■ REQUIREMENT
Although the data below contains pictures, output only the lines between those holding "7650 US-90 in" and "Niğde Belediyesinden Vatandaşa", inclusive, exactly and without those pictures.

■ MATERIALS PROVIDED

--

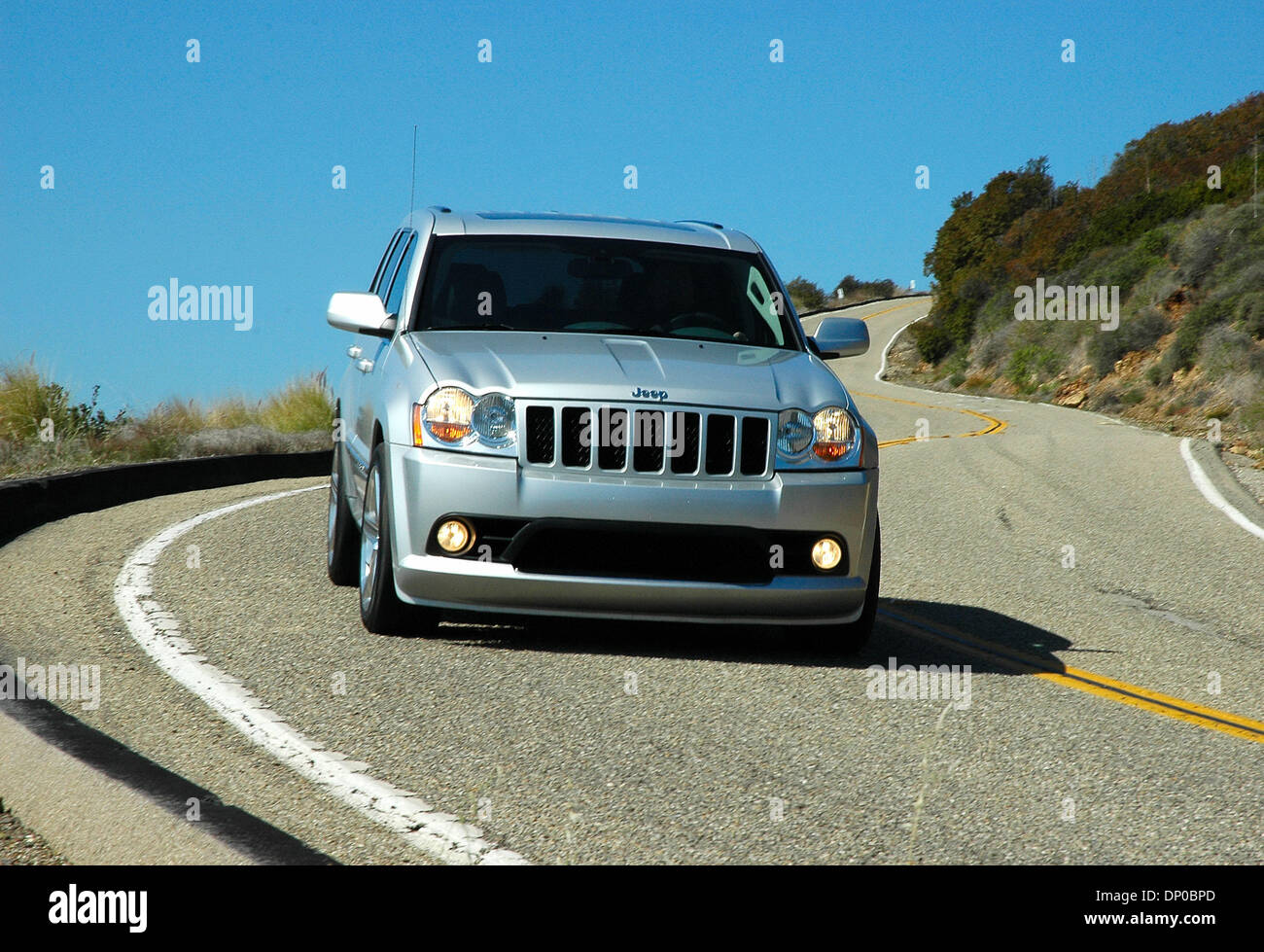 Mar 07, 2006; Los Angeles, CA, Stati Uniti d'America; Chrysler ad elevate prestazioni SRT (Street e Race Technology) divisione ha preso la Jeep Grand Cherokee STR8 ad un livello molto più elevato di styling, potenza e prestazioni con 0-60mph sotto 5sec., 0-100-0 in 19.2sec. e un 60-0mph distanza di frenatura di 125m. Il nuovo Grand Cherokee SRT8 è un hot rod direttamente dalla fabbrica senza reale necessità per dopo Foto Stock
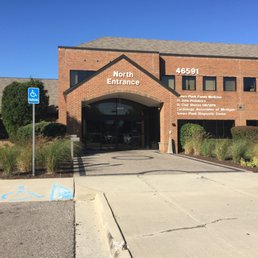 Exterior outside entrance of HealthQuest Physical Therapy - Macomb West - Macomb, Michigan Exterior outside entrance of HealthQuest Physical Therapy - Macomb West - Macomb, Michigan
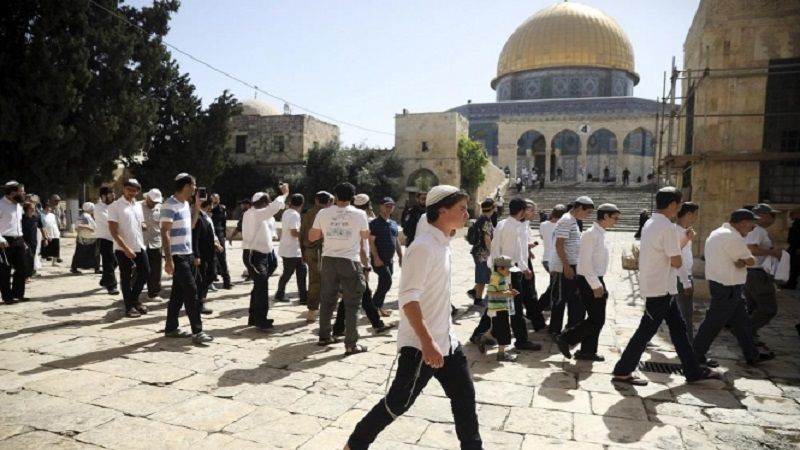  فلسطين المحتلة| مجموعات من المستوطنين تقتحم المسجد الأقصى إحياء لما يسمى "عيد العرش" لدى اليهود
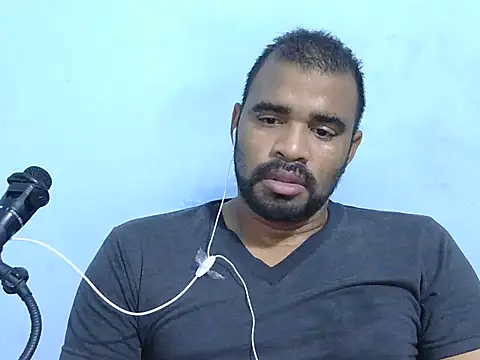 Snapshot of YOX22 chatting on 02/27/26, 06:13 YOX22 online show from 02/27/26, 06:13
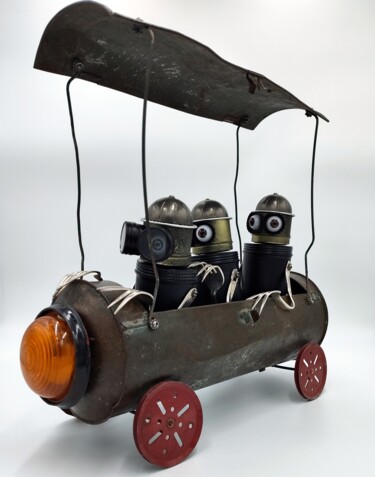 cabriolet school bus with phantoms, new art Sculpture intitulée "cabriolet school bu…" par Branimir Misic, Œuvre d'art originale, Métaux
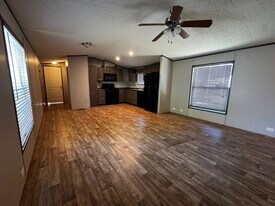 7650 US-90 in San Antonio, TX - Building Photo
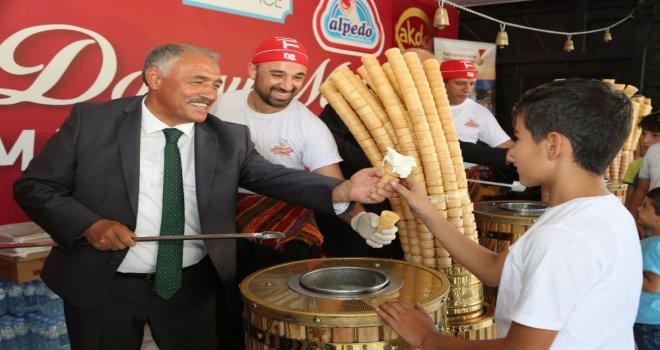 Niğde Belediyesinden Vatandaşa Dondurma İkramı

--

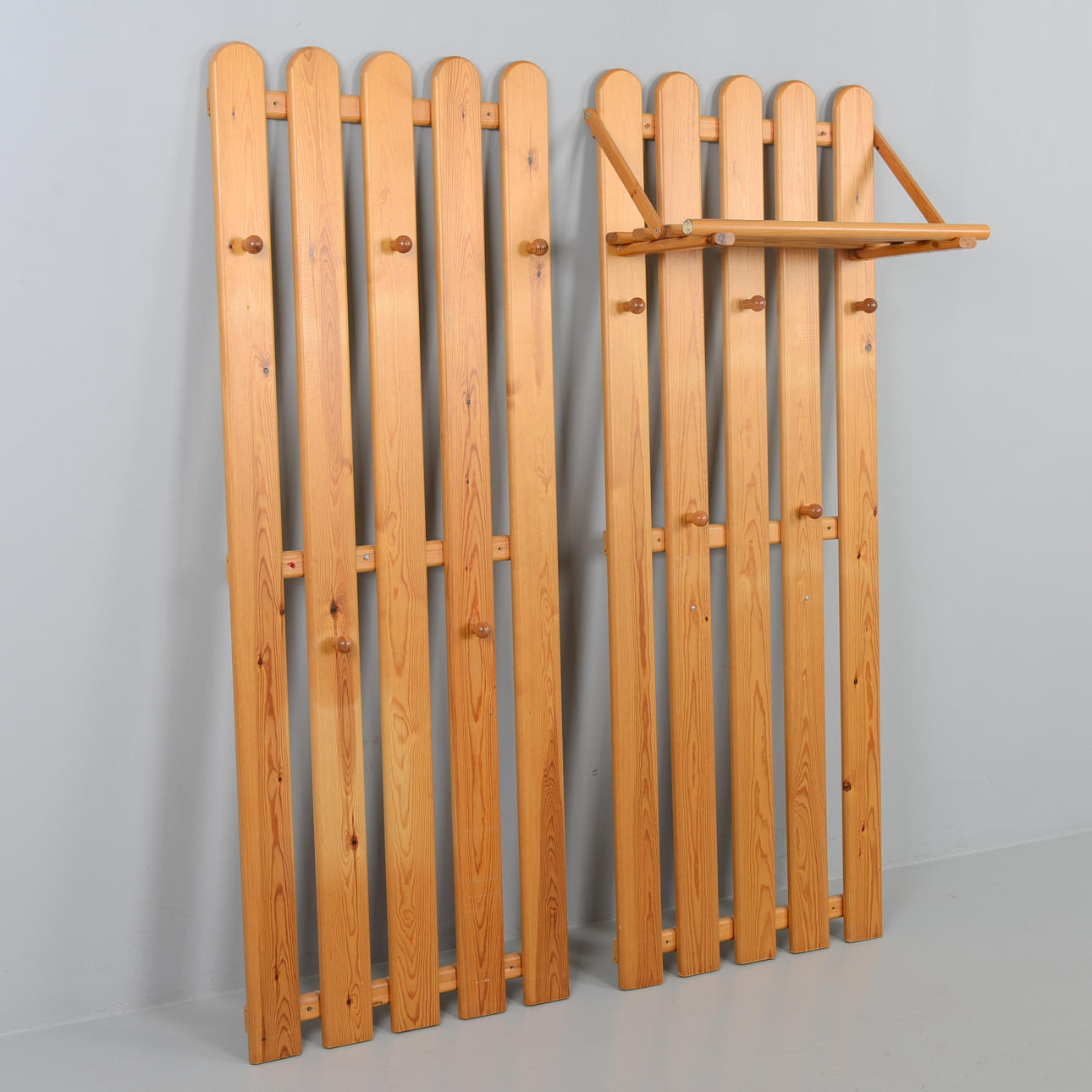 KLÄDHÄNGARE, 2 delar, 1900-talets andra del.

--

■ WRITTEN SOLUTION
 7650 US-90 in San Antonio, TX - Building Photo
 Niğde Belediyesinden Vatandaşa Dondurma İkramı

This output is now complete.